# [Task to carry out]
Without the images, write out the whole listing exactly.

# [Recorded information]
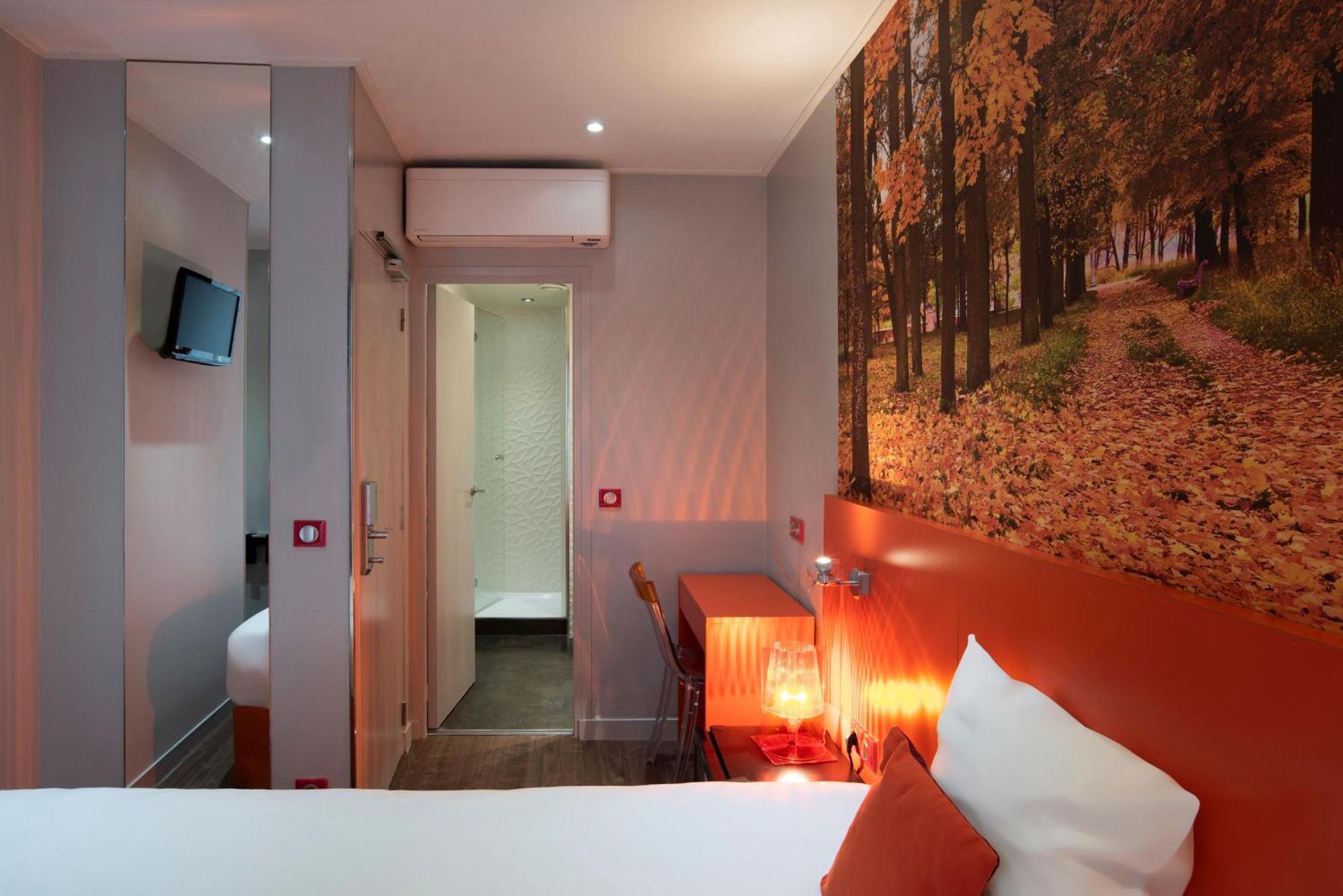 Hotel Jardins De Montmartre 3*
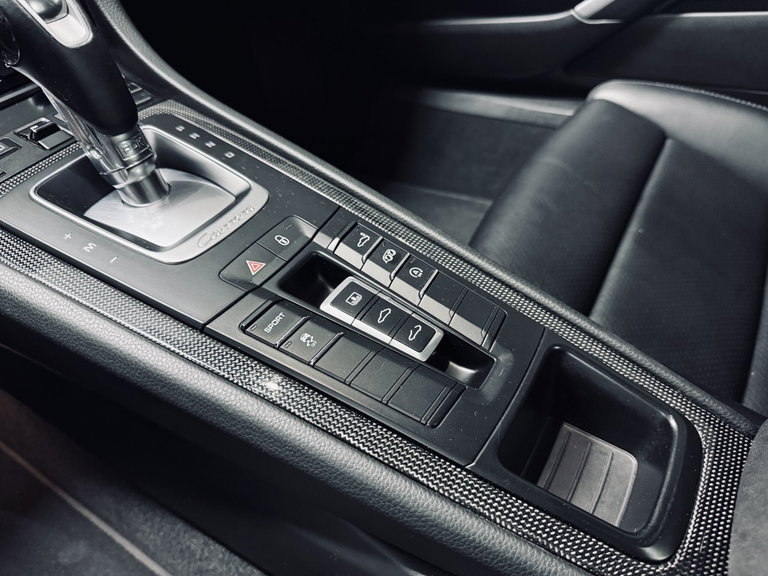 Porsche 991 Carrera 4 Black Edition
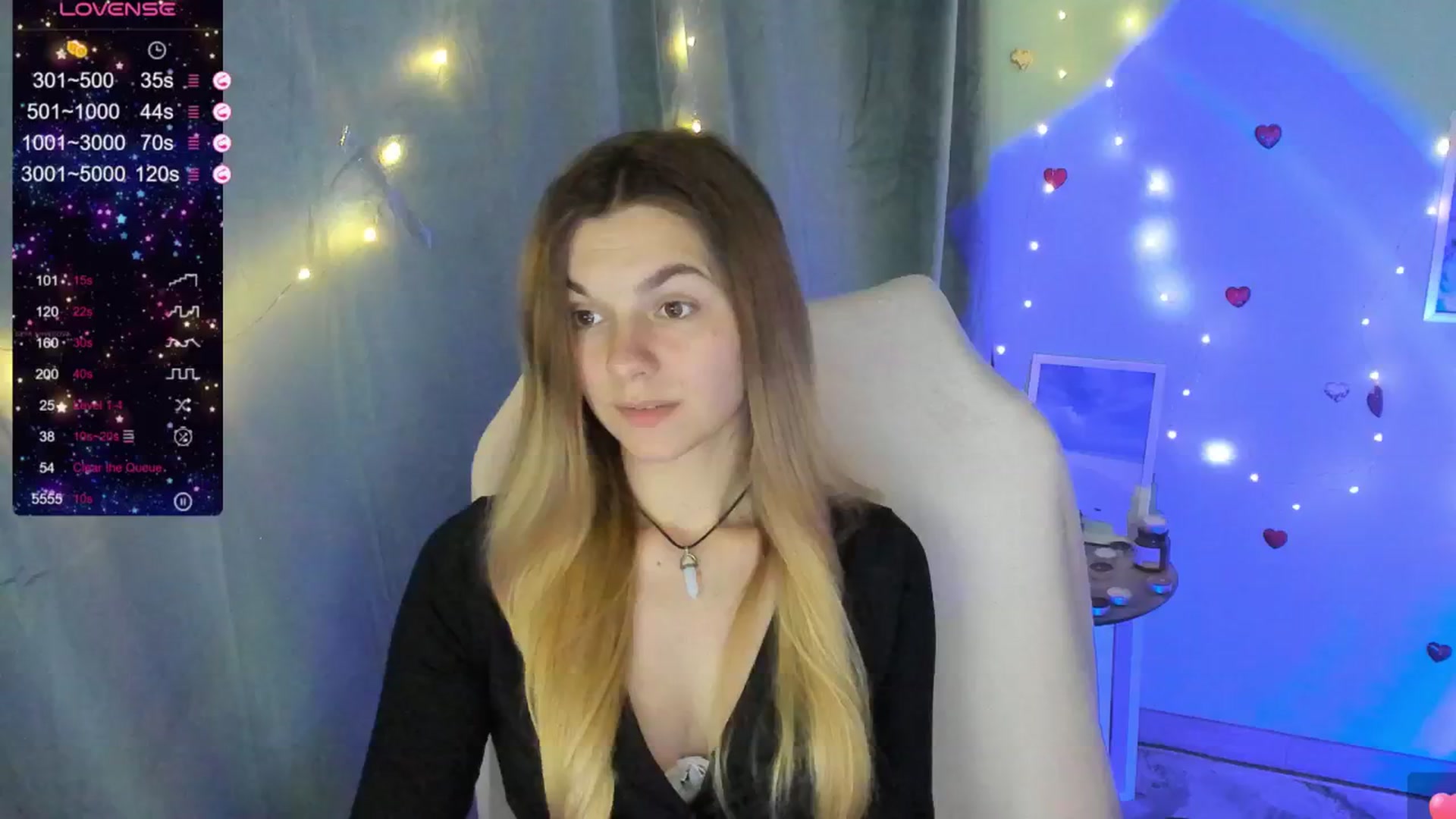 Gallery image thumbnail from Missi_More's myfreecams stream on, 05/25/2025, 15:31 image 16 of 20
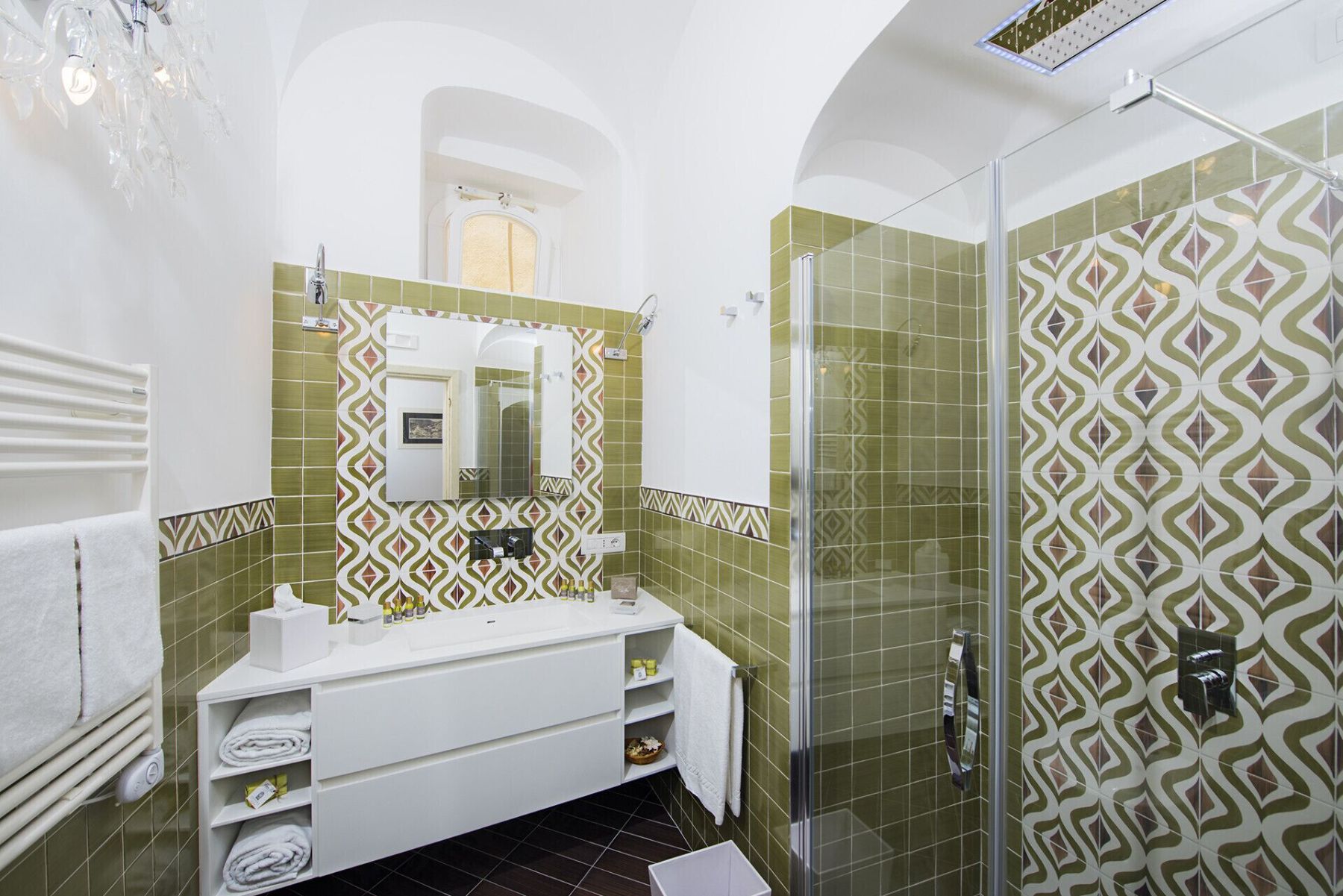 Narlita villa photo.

# [Task output]
 Hotel Jardins De Montmartre 3*
 Porsche 991 Carrera 4 Black Edition
 Gallery image thumbnail from Missi_More's myfreecams stream on, 05/25/2025, 15:31 image 16 of 20
 Narlita villa photo.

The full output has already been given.